> [Activity] Below are some records; write them all out again exactly.

> [Given entries]
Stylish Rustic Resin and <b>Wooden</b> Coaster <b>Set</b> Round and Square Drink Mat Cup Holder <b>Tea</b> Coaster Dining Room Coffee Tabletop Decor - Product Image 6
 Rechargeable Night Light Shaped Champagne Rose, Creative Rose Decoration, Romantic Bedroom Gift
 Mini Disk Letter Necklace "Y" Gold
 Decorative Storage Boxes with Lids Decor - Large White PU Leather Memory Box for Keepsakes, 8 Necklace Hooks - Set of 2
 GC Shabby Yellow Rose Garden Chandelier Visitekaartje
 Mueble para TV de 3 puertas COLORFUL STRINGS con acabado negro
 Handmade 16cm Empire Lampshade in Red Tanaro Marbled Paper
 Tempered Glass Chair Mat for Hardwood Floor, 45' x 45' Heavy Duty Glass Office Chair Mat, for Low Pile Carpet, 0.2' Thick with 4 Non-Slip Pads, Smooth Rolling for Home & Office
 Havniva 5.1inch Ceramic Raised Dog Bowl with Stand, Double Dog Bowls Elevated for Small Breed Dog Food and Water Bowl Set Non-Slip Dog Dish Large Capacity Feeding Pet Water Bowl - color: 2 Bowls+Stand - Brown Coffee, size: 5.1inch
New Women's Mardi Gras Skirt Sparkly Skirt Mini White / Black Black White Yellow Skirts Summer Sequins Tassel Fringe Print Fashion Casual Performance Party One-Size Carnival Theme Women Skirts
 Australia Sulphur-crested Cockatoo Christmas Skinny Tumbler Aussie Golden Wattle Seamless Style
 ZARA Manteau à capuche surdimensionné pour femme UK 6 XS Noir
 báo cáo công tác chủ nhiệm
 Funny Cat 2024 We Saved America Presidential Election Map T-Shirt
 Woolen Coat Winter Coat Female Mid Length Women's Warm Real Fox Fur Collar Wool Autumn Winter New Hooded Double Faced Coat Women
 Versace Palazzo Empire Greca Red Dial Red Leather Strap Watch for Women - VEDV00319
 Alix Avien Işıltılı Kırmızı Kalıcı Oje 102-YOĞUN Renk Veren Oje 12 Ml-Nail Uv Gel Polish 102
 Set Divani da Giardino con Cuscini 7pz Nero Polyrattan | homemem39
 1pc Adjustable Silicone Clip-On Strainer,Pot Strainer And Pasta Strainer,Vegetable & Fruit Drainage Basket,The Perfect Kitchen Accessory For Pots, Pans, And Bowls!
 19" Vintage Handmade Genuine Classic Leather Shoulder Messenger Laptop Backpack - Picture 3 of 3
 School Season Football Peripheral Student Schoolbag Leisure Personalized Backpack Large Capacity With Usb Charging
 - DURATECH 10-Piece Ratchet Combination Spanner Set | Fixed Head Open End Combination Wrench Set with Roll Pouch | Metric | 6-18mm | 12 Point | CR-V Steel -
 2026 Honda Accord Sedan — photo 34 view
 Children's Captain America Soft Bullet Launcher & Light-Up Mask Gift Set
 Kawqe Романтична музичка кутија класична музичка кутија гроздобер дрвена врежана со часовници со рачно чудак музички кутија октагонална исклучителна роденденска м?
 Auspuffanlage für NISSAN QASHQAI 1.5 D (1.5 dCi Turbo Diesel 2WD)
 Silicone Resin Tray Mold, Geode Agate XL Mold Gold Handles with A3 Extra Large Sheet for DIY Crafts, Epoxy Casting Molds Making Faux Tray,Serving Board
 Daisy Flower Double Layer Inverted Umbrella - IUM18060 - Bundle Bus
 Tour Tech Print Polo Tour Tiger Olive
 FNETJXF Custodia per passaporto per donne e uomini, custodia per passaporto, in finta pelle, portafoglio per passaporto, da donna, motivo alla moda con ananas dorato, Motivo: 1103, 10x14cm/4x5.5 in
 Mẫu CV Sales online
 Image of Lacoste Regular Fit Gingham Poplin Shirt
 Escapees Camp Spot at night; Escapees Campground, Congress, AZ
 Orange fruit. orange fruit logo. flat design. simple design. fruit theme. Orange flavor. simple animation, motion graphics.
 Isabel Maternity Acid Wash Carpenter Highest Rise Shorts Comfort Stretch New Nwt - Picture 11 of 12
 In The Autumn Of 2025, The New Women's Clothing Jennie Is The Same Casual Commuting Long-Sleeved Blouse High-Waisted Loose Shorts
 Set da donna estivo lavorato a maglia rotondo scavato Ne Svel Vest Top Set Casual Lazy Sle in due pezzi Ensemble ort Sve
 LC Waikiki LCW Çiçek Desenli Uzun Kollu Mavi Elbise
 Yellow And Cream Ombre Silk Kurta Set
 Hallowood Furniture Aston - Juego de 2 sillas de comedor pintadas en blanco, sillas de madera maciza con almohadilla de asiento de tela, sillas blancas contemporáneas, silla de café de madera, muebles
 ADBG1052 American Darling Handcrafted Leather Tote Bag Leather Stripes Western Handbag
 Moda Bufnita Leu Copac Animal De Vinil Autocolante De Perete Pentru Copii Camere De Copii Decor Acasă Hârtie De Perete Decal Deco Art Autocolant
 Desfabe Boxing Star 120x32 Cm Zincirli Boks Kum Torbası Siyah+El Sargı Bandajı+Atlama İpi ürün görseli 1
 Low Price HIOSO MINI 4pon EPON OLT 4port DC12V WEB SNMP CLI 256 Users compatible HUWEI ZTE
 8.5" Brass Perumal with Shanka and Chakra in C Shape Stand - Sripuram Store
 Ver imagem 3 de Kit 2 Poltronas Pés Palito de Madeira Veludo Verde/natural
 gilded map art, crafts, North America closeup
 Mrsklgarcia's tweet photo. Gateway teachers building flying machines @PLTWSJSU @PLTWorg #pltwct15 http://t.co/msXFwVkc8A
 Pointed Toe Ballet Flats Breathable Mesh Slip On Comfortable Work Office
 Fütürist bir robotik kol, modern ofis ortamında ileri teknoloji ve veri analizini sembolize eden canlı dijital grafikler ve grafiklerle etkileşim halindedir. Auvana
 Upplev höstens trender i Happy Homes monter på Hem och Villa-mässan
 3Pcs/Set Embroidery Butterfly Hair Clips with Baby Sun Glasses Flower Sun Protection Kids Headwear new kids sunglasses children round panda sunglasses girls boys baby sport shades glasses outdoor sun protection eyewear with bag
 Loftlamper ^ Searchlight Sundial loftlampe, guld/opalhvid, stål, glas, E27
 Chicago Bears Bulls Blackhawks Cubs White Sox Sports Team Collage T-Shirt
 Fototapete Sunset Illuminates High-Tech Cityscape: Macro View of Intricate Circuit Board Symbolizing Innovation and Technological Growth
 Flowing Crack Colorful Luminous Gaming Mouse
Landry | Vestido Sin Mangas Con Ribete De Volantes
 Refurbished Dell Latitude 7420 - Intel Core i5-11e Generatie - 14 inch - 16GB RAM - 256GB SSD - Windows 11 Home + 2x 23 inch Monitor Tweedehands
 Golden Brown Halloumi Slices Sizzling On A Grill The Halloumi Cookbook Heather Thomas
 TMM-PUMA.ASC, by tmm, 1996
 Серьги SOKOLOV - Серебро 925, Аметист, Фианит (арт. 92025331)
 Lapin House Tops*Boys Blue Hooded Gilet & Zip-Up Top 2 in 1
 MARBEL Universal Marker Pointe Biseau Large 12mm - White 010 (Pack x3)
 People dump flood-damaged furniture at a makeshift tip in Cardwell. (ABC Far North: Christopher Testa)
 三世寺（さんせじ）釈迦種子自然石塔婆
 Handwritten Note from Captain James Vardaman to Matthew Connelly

> [Task result]
Stylish Rustic Resin and <b>Wooden</b> Coaster <b>Set</b> Round and Square Drink Mat Cup Holder <b>Tea</b> Coaster Dining Room Coffee Tabletop Decor - Product Image 6
 Rechargeable Night Light Shaped Champagne Rose, Creative Rose Decoration, Romantic Bedroom Gift
 Mini Disk Letter Necklace "Y" Gold
 Decorative Storage Boxes with Lids Decor - Large White PU Leather Memory Box for Keepsakes, 8 Necklace Hooks - Set of 2
 GC Shabby Yellow Rose Garden Chandelier Visitekaartje
 Mueble para TV de 3 puertas COLORFUL STRINGS con acabado negro
 Handmade 16cm Empire Lampshade in Red Tanaro Marbled Paper
 Tempered Glass Chair Mat for Hardwood Floor, 45' x 45' Heavy Duty Glass Office Chair Mat, for Low Pile Carpet, 0.2' Thick with 4 Non-Slip Pads, Smooth Rolling for Home & Office
 Havniva 5.1inch Ceramic Raised Dog Bowl with Stand, Double Dog Bowls Elevated for Small Breed Dog Food and Water Bowl Set Non-Slip Dog Dish Large Capacity Feeding Pet Water Bowl - color: 2 Bowls+Stand - Brown Coffee, size: 5.1inch
New Women's Mardi Gras Skirt Sparkly Skirt Mini White / Black Black White Yellow Skirts Summer Sequins Tassel Fringe Print Fashion Casual Performance Party One-Size Carnival Theme Women Skirts
 Australia Sulphur-crested Cockatoo Christmas Skinny Tumbler Aussie Golden Wattle Seamless Style
 ZARA Manteau à capuche surdimensionné pour femme UK 6 XS Noir
 báo cáo công tác chủ nhiệm
 Funny Cat 2024 We Saved America Presidential Election Map T-Shirt
 Woolen Coat Winter Coat Female Mid Length Women's Warm Real Fox Fur Collar Wool Autumn Winter New Hooded Double Faced Coat Women
 Versace Palazzo Empire Greca Red Dial Red Leather Strap Watch for Women - VEDV00319
 Alix Avien Işıltılı Kırmızı Kalıcı Oje 102-YOĞUN Renk Veren Oje 12 Ml-Nail Uv Gel Polish 102
 Set Divani da Giardino con Cuscini 7pz Nero Polyrattan | homemem39
 1pc Adjustable Silicone Clip-On Strainer,Pot Strainer And Pasta Strainer,Vegetable & Fruit Drainage Basket,The Perfect Kitchen Accessory For Pots, Pans, And Bowls!
 19" Vintage Handmade Genuine Classic Leather Shoulder Messenger Laptop Backpack - Picture 3 of 3
 School Season Football Peripheral Student Schoolbag Leisure Personalized Backpack Large Capacity With Usb Charging
 - DURATECH 10-Piece Ratchet Combination Spanner Set | Fixed Head Open End Combination Wrench Set with Roll Pouch | Metric | 6-18mm | 12 Point | CR-V Steel -
 2026 Honda Accord Sedan — photo 34 view
 Children's Captain America Soft Bullet Launcher & Light-Up Mask Gift Set
 Kawqe Романтична музичка кутија класична музичка кутија гроздобер дрвена врежана со часовници со рачно чудак музички кутија октагонална исклучителна роденденска м?
 Auspuffanlage für NISSAN QASHQAI 1.5 D (1.5 dCi Turbo Diesel 2WD)
 Silicone Resin Tray Mold, Geode Agate XL Mold Gold Handles with A3 Extra Large Sheet for DIY Crafts, Epoxy Casting Molds Making Faux Tray,Serving Board
 Daisy Flower Double Layer Inverted Umbrella - IUM18060 - Bundle Bus
 Tour Tech Print Polo Tour Tiger Olive
 FNETJXF Custodia per passaporto per donne e uomini, custodia per passaporto, in finta pelle, portafoglio per passaporto, da donna, motivo alla moda con ananas dorato, Motivo: 1103, 10x14cm/4x5.5 in
 Mẫu CV Sales online
 Image of Lacoste Regular Fit Gingham Poplin Shirt
 Escapees Camp Spot at night; Escapees Campground, Congress, AZ
 Orange fruit. orange fruit logo. flat design. simple design. fruit theme. Orange flavor. simple animation, motion graphics.
 Isabel Maternity Acid Wash Carpenter Highest Rise Shorts Comfort Stretch New Nwt - Picture 11 of 12
 In The Autumn Of 2025, The New Women's Clothing Jennie Is The Same Casual Commuting Long-Sleeved Blouse High-Waisted Loose Shorts
 Set da donna estivo lavorato a maglia rotondo scavato Ne Svel Vest Top Set Casual Lazy Sle in due pezzi Ensemble ort Sve
 LC Waikiki LCW Çiçek Desenli Uzun Kollu Mavi Elbise
 Yellow And Cream Ombre Silk Kurta Set
 Hallowood Furniture Aston - Juego de 2 sillas de comedor pintadas en blanco, sillas de madera maciza con almohadilla de asiento de tela, sillas blancas contemporáneas, silla de café de madera, muebles
 ADBG1052 American Darling Handcrafted Leather Tote Bag Leather Stripes Western Handbag
 Moda Bufnita Leu Copac Animal De Vinil Autocolante De Perete Pentru Copii Camere De Copii Decor Acasă Hârtie De Perete Decal Deco Art Autocolant
 Desfabe Boxing Star 120x32 Cm Zincirli Boks Kum Torbası Siyah+El Sargı Bandajı+Atlama İpi ürün görseli 1
 Low Price HIOSO MINI 4pon EPON OLT 4port DC12V WEB SNMP CLI 256 Users compatible HUWEI ZTE
 8.5" Brass Perumal with Shanka and Chakra in C Shape Stand - Sripuram Store
 Ver imagem 3 de Kit 2 Poltronas Pés Palito de Madeira Veludo Verde/natural
 gilded map art, crafts, North America closeup
 Mrsklgarcia's tweet photo. Gateway teachers building flying machines @PLTWSJSU @PLTWorg #pltwct15 http://t.co/msXFwVkc8A
 Pointed Toe Ballet Flats Breathable Mesh Slip On Comfortable Work Office
 Fütürist bir robotik kol, modern ofis ortamında ileri teknoloji ve veri analizini sembolize eden canlı dijital grafikler ve grafiklerle etkileşim halindedir. Auvana
 Upplev höstens trender i Happy Homes monter på Hem och Villa-mässan
 3Pcs/Set Embroidery Butterfly Hair Clips with Baby Sun Glasses Flower Sun Protection Kids Headwear new kids sunglasses children round panda sunglasses girls boys baby sport shades glasses outdoor sun protection eyewear with bag
 Loftlamper ^ Searchlight Sundial loftlampe, guld/opalhvid, stål, glas, E27
 Chicago Bears Bulls Blackhawks Cubs White Sox Sports Team Collage T-Shirt
 Fototapete Sunset Illuminates High-Tech Cityscape: Macro View of Intricate Circuit Board Symbolizing Innovation and Technological Growth
 Flowing Crack Colorful Luminous Gaming Mouse
Landry | Vestido Sin Mangas Con Ribete De Volantes
 Refurbished Dell Latitude 7420 - Intel Core i5-11e Generatie - 14 inch - 16GB RAM - 256GB SSD - Windows 11 Home + 2x 23 inch Monitor Tweedehands
 Golden Brown Halloumi Slices Sizzling On A Grill The Halloumi Cookbook Heather Thomas
 TMM-PUMA.ASC, by tmm, 1996
 Серьги SOKOLOV - Серебро 925, Аметист, Фианит (арт. 92025331)
 Lapin House Tops*Boys Blue Hooded Gilet & Zip-Up Top 2 in 1
 MARBEL Universal Marker Pointe Biseau Large 12mm - White 010 (Pack x3)
 People dump flood-damaged furniture at a makeshift tip in Cardwell. (ABC Far North: Christopher Testa)
 三世寺（さんせじ）釈迦種子自然石塔婆
 Handwritten Note from Captain James Vardaman to Matthew Connelly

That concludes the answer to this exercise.